-- MATERIAL PROVIDED follows --

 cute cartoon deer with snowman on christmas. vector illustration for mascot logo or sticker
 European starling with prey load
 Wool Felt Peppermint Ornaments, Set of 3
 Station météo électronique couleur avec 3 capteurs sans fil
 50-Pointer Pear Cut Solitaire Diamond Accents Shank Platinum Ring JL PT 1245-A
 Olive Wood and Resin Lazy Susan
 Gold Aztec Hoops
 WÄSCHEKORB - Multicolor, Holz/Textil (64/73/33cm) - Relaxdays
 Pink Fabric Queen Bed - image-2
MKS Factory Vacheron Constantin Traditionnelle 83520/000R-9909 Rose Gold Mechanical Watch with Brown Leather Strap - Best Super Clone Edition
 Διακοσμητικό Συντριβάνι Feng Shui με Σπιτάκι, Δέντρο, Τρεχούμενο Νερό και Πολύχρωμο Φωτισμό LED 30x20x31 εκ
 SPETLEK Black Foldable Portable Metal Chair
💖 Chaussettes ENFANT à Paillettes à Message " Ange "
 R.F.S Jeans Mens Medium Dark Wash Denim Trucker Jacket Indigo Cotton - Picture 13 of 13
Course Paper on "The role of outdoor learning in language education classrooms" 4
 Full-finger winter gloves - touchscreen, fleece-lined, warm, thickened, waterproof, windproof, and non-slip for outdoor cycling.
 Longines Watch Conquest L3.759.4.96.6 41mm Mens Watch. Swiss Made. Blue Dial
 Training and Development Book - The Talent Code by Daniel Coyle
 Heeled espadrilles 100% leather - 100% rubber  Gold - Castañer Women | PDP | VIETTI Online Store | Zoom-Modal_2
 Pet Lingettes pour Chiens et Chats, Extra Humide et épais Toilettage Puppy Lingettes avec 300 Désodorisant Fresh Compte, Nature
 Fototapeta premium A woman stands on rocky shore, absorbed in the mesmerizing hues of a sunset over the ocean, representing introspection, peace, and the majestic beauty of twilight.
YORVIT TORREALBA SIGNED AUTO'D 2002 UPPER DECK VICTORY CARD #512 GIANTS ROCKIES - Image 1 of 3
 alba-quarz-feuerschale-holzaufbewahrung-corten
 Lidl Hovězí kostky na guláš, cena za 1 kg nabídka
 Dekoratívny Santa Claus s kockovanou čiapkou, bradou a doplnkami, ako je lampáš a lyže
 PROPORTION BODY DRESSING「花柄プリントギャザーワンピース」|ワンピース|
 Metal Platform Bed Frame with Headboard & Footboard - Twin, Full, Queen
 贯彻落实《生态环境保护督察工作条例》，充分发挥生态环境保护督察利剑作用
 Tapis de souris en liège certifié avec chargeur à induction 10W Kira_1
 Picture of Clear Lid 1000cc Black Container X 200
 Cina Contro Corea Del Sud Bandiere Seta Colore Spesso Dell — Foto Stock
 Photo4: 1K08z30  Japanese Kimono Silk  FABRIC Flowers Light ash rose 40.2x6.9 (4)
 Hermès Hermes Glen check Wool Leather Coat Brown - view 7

-- MATERIAL PROVIDED concluded --

**BRIEF**.
The answer must be the line containing "Lidl Hovězí kostky" and every line after it to the end of the data, exactly as written.

**RESPONSE TO THIS EXERCISE**.
 Lidl Hovězí kostky na guláš, cena za 1 kg nabídka
 Dekoratívny Santa Claus s kockovanou čiapkou, bradou a doplnkami, ako je lampáš a lyže
 PROPORTION BODY DRESSING「花柄プリントギャザーワンピース」|ワンピース|
 Metal Platform Bed Frame with Headboard & Footboard - Twin, Full, Queen
 贯彻落实《生态环境保护督察工作条例》，充分发挥生态环境保护督察利剑作用
 Tapis de souris en liège certifié avec chargeur à induction 10W Kira_1
 Picture of Clear Lid 1000cc Black Container X 200
 Cina Contro Corea Del Sud Bandiere Seta Colore Spesso Dell — Foto Stock
 Photo4: 1K08z30  Japanese Kimono Silk  FABRIC Flowers Light ash rose 40.2x6.9 (4)
 Hermès Hermes Glen check Wool Leather Coat Brown - view 7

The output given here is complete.